Division 9 Negotiated Procedure with Prior Publication of Contract Notice 

§ 65.  Starting negotiated procedure with prior publication of contract notice

 (1) In the event of a negotiated procedure with prior publication of a contract notice each interested person may submit a request to participate in the procurement procedure along with the documents certifying the suitability of the candidate as required in the contract notice. A request to participate in a procurement procedure must be submitted in writing or electronically in accordance with the requirements provided for in this Act and in the legislation established on the basis thereof. The contracting authority will immediately forward a confirmation of receipt of the request to the candidate at the candidate’s request.

 (2) The contracting authority may limit the number of candidates participating in a procurement procedure to whom it will submit an invitation to tender by stipulating the relevant numerical minimum rate in the contract notice, which may be a minimum of three and, if desired, an upper limit and the objective and non‑discriminatory criteria for selecting these candidates.

 (3) The contracting authority will verify the suitability of all candidates in accordance with the terms provided for in this Act and contract notice.

 (4) In the event specified in clause 1) of subsection (2) of § 27 of this Act, the contracting authority may continue a procurement procedure, which was started as an open procedure, restricted procedure or competitive dialogue, in the form of a negotiated procedure with prior publication of a contract notice without submitting a new contract notice for starting the negotiated procedure with prior publication of a contract notice or re‑verifying the suitability of the candidates when starting the negotiations on tenders with only these tenderers who were earlier qualified during the same procurement procedure and who submitted a tender compliant with the formal requirements verified upon opening tenders.
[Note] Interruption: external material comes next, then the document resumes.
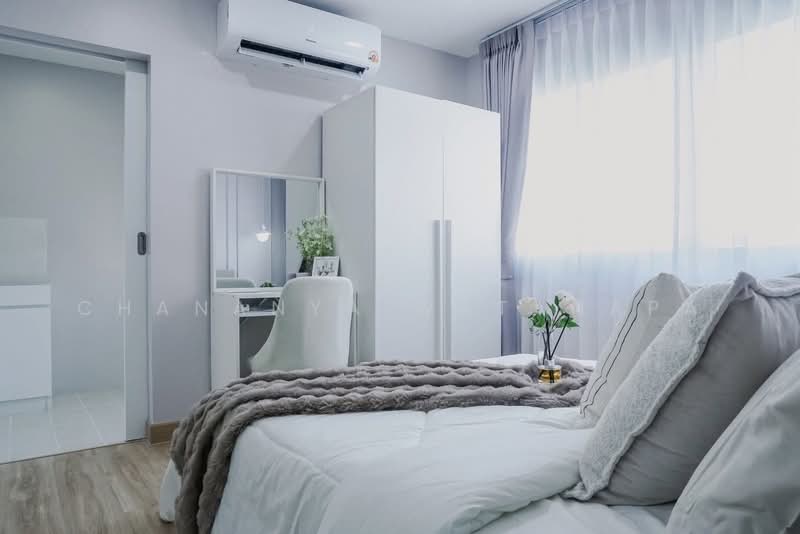 Condo One X Sathorn-Narathiwat, Bangkok, 417 Soi Wat Phomaen Khunaram, Chong Nonsi, Yan Nawa, Bangkok, 1 Bedroom, 31 sqm, Condo For Sale, by Chananya Watanapa, 500350763 - DDproperty.com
In such an event the contracting authority will make a reasoned written decision on the substantive inadmissibility of all tenders without rejecting them and on opening negotiations over the tenders.

§ 66.  Submission of invitation to tender in negotiated procedure with prior publication of contract notice

 (1) The contracting authority will submit an invitation to tender simultaneously to all qualified candidates or, if the contracting authority has limited the number of candidates in the contract notice in accordance with subsection (2) of § 65 of this Act, at least to the relevant number of qualified candidates. An invitation to tender must be submitted in writing or electronically in accordance with the requirements provided for in this Act and the legislation established on the basis thereof.

 (2) If the number of qualified candidates is smaller than the numerical minimum rate of the candidates specified in the contract notice, the contracting authority may continue the procurement procedure by submitting an invitation to tender to all qualified candidates.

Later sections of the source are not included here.